You’ll be using slightly different methods when you want to dispose of smaller appliances, like microwaves or toasters. They may not have CFCs in them, however they are electronics, so you still have to take care when disposing of them. Many states had e-waste programs that you can reach out to where they will either repair and reuse the product, or properly dispose of it. Some of these places will do this for free, so it’s a good idea to look into what’s offered.
What do I do with My Old Mattress?
Mattresses are actually more of a problem to deal with than furniture is. Many laws exist with regards to reselling and repurposing them because of the high risk for spreading diseases and illnesses. Selling mattresses is a clean no from the CDC. Yet, every year around 40 million mattresses fill our landfills, and each mattress takes up an average of 40 cubic feet. They’re large, clunky, and can even damage landfill equipment, to in the long term it may be more expensive to throw them away. So how do we solve this problem?
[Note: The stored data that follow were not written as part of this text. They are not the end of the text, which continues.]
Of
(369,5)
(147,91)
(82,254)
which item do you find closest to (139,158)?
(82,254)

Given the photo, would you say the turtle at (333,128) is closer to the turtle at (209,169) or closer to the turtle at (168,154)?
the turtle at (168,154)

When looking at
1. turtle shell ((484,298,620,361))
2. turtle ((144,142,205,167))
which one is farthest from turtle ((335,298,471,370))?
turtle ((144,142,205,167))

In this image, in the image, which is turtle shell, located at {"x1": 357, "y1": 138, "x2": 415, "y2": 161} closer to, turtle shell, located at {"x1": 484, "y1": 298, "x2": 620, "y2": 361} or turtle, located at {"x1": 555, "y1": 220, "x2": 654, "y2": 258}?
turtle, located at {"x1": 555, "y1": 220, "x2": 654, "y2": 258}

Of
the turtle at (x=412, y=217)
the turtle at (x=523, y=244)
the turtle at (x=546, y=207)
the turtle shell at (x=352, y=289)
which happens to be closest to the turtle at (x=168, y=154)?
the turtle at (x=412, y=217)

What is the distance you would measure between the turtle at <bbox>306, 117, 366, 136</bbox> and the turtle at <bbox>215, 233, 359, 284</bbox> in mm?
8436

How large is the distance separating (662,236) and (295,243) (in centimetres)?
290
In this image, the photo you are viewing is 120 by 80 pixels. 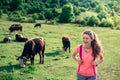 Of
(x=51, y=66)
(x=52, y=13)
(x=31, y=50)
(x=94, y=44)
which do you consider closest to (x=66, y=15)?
(x=52, y=13)

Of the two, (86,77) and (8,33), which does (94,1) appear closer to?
(8,33)

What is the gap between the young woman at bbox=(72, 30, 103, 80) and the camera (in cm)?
731

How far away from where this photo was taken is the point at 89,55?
7.36 metres

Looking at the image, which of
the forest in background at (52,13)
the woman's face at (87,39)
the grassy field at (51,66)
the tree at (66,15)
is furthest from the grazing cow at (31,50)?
the tree at (66,15)

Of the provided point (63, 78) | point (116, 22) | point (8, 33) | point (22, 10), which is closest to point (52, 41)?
point (8, 33)

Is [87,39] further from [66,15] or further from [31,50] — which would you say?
[66,15]

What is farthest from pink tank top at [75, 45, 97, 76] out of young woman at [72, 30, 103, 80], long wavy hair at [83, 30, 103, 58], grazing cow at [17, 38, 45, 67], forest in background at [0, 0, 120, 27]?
forest in background at [0, 0, 120, 27]

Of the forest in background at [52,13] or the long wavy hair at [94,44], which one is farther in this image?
the forest in background at [52,13]

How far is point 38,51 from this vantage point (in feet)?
57.4

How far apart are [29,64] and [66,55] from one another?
437cm

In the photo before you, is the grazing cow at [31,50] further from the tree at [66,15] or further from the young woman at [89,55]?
the tree at [66,15]

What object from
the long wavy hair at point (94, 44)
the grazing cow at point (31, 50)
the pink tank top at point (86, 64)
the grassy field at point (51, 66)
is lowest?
the grassy field at point (51, 66)

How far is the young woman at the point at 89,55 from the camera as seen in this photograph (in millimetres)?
7312

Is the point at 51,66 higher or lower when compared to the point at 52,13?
lower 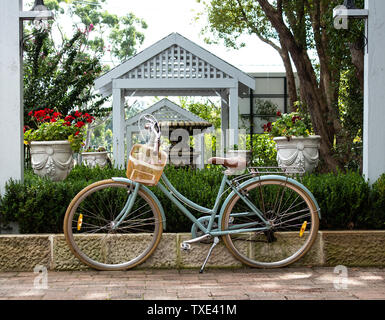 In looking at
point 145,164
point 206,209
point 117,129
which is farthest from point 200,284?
point 117,129

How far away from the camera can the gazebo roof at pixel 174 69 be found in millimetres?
10469

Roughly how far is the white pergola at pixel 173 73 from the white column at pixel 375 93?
5208 millimetres

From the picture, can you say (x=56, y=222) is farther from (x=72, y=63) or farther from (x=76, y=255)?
(x=72, y=63)

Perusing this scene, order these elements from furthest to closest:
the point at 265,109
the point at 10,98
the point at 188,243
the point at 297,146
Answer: the point at 265,109
the point at 297,146
the point at 10,98
the point at 188,243

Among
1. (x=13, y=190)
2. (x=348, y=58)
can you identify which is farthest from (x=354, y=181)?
(x=348, y=58)

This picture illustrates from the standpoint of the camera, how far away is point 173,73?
34.6ft

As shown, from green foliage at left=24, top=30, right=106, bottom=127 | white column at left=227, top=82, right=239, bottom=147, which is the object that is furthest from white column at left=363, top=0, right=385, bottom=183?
green foliage at left=24, top=30, right=106, bottom=127

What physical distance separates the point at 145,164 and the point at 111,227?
0.63 m

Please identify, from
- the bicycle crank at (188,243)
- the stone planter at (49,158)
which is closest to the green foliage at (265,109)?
the stone planter at (49,158)

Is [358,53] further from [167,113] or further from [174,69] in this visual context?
[167,113]

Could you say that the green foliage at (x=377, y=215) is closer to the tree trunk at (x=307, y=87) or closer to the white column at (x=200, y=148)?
the tree trunk at (x=307, y=87)

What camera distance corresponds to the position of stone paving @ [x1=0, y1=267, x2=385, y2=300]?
367 cm

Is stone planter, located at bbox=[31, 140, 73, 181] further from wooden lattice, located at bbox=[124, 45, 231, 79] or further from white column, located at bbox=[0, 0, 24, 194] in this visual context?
wooden lattice, located at bbox=[124, 45, 231, 79]

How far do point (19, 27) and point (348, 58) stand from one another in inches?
286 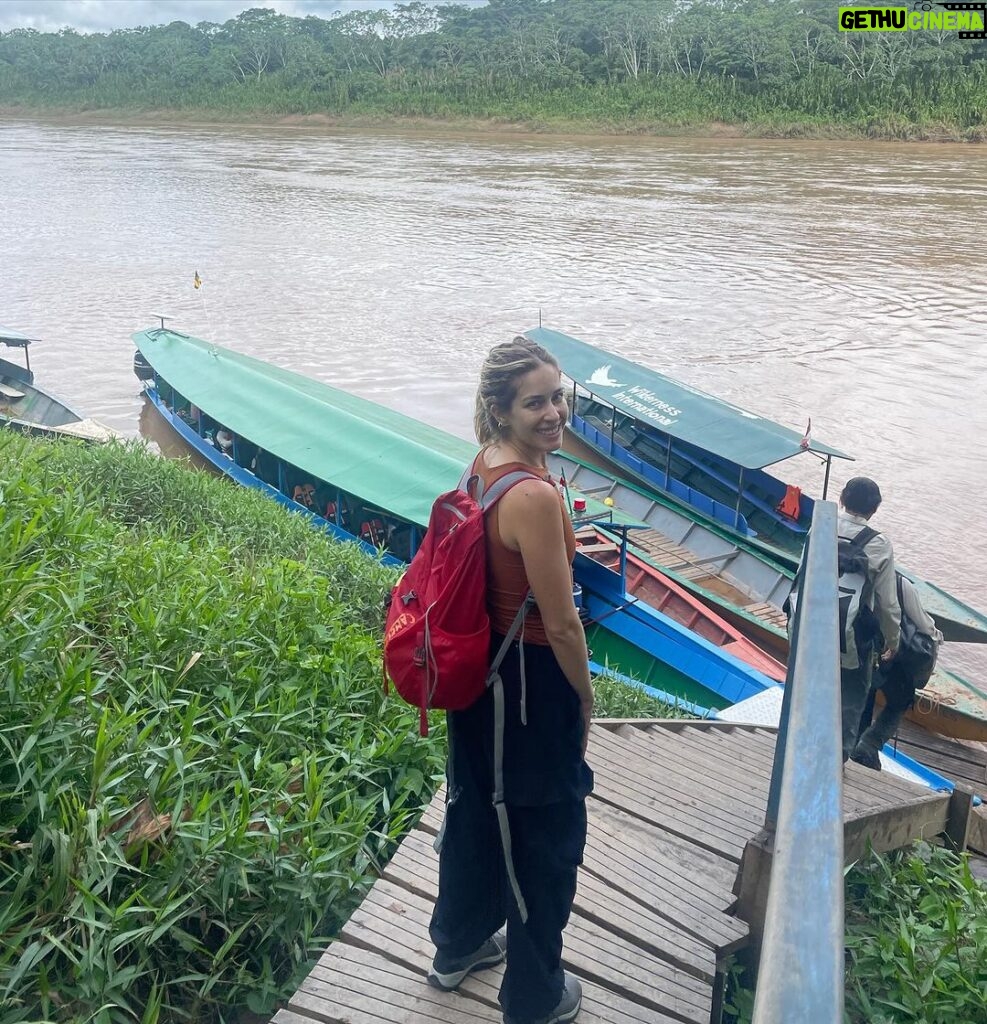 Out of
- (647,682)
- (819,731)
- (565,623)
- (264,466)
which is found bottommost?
(647,682)

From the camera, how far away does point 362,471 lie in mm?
8477

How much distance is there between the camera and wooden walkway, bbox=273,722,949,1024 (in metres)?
2.11

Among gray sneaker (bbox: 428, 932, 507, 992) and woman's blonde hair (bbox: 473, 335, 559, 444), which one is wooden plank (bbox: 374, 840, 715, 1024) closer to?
gray sneaker (bbox: 428, 932, 507, 992)

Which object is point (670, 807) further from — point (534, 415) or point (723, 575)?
point (723, 575)

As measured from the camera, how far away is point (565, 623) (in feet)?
5.68

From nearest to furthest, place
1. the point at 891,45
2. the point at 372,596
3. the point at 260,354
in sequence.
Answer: the point at 372,596, the point at 260,354, the point at 891,45

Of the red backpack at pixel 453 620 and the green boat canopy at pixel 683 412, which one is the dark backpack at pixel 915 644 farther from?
the green boat canopy at pixel 683 412

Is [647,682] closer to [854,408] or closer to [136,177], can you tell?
[854,408]

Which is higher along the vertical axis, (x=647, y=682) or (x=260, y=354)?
(x=260, y=354)

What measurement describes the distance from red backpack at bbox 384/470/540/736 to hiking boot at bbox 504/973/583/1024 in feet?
2.14

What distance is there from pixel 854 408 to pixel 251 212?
1809 cm

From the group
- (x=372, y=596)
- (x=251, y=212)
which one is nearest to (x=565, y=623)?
(x=372, y=596)

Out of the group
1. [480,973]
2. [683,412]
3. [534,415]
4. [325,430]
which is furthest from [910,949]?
[683,412]

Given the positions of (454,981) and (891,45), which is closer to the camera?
(454,981) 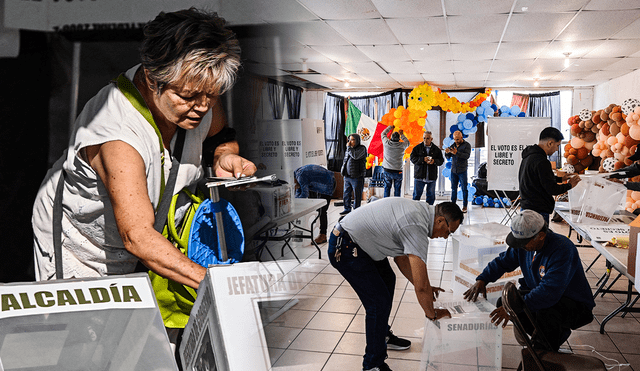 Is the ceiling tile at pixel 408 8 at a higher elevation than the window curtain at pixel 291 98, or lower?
higher

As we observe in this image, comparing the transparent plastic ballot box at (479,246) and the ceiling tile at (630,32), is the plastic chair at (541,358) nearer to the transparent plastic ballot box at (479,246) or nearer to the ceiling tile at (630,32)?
the transparent plastic ballot box at (479,246)

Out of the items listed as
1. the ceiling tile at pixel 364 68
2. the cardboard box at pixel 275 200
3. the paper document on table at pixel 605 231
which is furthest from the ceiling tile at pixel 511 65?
the cardboard box at pixel 275 200

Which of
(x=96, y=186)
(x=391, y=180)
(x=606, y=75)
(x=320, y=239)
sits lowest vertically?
(x=320, y=239)

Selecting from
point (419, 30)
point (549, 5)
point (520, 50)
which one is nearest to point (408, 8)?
point (419, 30)

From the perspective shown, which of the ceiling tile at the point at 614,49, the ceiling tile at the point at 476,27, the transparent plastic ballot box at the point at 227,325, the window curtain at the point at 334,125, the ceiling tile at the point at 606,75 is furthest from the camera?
the window curtain at the point at 334,125

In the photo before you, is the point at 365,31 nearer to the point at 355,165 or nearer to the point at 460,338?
the point at 355,165

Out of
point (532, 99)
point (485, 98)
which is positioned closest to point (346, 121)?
point (485, 98)

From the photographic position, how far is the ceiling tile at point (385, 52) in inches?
210

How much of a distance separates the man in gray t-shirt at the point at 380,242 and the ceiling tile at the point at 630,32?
356cm

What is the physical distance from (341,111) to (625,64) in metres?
5.20

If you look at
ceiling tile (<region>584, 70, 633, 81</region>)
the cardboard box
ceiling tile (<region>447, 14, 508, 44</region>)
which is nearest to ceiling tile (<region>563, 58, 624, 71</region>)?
ceiling tile (<region>584, 70, 633, 81</region>)

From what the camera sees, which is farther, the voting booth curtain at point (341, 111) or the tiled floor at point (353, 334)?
the voting booth curtain at point (341, 111)

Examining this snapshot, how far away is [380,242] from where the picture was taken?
2.24m

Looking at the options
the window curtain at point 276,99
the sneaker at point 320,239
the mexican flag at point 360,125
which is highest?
the mexican flag at point 360,125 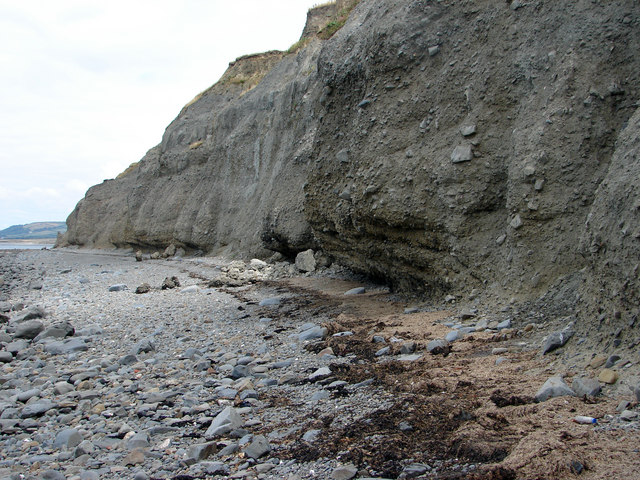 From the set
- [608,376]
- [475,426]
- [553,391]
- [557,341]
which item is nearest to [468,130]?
[557,341]

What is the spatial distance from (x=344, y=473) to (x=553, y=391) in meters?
1.54

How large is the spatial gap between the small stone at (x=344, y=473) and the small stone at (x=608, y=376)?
1813mm

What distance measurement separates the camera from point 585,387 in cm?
321

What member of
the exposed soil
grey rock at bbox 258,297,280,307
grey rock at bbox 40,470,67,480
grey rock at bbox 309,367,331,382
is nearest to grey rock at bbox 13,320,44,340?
grey rock at bbox 258,297,280,307

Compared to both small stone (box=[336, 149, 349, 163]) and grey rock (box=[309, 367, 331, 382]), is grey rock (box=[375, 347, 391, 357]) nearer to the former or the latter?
grey rock (box=[309, 367, 331, 382])

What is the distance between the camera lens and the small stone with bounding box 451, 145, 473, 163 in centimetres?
713

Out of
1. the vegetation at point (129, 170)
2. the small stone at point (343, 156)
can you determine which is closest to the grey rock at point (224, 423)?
the small stone at point (343, 156)

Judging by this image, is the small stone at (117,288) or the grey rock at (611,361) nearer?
the grey rock at (611,361)

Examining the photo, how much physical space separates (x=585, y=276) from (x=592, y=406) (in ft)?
6.41

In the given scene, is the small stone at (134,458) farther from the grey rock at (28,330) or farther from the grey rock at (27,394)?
the grey rock at (28,330)

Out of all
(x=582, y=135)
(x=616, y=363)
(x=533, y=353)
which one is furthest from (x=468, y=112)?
(x=616, y=363)

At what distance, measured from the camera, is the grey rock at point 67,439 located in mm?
3812

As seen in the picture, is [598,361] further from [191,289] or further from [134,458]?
[191,289]

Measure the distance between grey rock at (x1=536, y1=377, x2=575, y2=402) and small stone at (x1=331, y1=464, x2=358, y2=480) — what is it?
1381 mm
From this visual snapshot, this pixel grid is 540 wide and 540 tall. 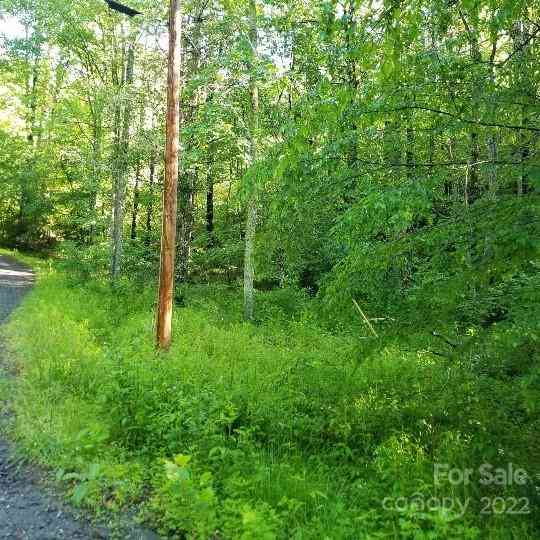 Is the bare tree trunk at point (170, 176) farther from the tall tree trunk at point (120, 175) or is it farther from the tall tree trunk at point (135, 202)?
the tall tree trunk at point (135, 202)

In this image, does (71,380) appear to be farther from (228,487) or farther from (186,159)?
(186,159)

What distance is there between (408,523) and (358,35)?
3.94 metres

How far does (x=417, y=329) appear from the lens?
4.31m

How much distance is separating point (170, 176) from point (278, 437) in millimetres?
5215

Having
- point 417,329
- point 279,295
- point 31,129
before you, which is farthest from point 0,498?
point 31,129

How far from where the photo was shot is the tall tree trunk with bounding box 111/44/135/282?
47.3 feet

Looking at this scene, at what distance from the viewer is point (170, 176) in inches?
340

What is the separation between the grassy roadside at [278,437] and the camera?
4.14 metres

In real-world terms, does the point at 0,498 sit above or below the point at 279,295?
below

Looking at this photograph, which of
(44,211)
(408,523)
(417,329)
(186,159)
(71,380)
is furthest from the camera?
(44,211)

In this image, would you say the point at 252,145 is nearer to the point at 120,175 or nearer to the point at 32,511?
the point at 120,175

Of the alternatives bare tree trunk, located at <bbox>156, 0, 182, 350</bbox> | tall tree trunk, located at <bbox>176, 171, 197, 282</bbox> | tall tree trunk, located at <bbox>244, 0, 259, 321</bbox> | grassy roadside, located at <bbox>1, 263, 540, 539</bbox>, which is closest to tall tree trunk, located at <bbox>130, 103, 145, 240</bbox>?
tall tree trunk, located at <bbox>176, 171, 197, 282</bbox>

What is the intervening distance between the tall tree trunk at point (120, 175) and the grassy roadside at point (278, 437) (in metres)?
7.27

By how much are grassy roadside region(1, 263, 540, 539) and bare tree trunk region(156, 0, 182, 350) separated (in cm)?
72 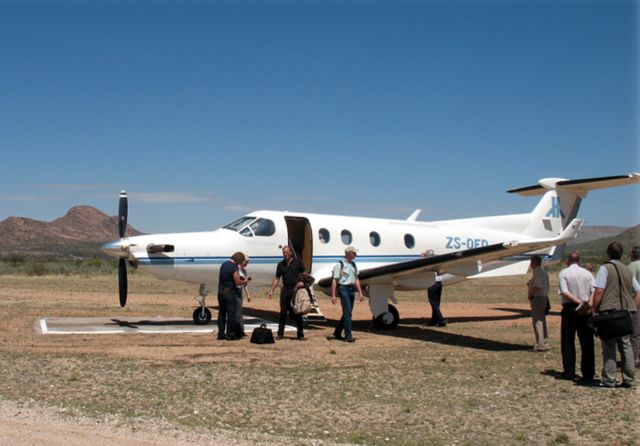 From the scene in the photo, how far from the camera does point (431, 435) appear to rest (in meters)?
7.36

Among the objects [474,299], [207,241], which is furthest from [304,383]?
[474,299]

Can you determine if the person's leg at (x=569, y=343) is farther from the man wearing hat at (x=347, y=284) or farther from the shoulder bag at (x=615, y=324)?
the man wearing hat at (x=347, y=284)

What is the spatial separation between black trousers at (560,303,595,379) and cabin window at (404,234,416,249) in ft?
29.8

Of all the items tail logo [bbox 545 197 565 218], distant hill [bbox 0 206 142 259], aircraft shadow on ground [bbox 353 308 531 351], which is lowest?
aircraft shadow on ground [bbox 353 308 531 351]

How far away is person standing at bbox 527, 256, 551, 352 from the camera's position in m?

Within recent years, there have been several organizations formed that specialize in disassembling mattresses, extracting all materials to make new beds and incinerating the materials that they can’t. This is much cheaper and more space efficient than simply dumping them. The downside to this is that there aren’t many organizations nationwide that do this, so if you can’t locate one reasonably near you, call your local waste management facility and discuss further options that abide by the laws set by your state or community.
What to do with Old Rugs?
You can easily recycle rugs and carpets. Most massed produced carpets are made with biodegradable materials for quick break down, and most states allow them to be a part of curbside pick up. One of the best parts about recycling carpets is that they are able to be broken down by a plastic resin which is able to be used for other mass productions, or the fibers in them can be used to make new carpets and rugs. Most even accept carpet padding, and don’t require you to separate them upon disposal.
It’s important that you don’t attempt to donate your rug or carpet. Your heart may be in the right place, but just like mattresses the concern is more health related, and donating an object that has been used, worn, and over the years has been collecting dust and dirt can increase the chances of infectious diseases spreading. You still care for your community and your environment when you recycle them, so don’t worry about it.
Recycling may not always be the easiest thing to do, especially in our modern society, but it’s important all the same. Not just from a safety perspective, but fiscally as well. Most of the items above can be written off as a tax deduct when donated, and repurposing others can save you both money and item waste. Taking the time to dispose of these items properly can be the difference between maintaining a community and having said community grow and thrive. You could just throw some of this away, but the consequences could be astronomical. We’re running out of space to put our trash as every passing year more and more landfills reach their capacity. By recycling we open the door to building a better future, one where our communities are safer, healthier, and far more prosperous, so long as everyone does their part.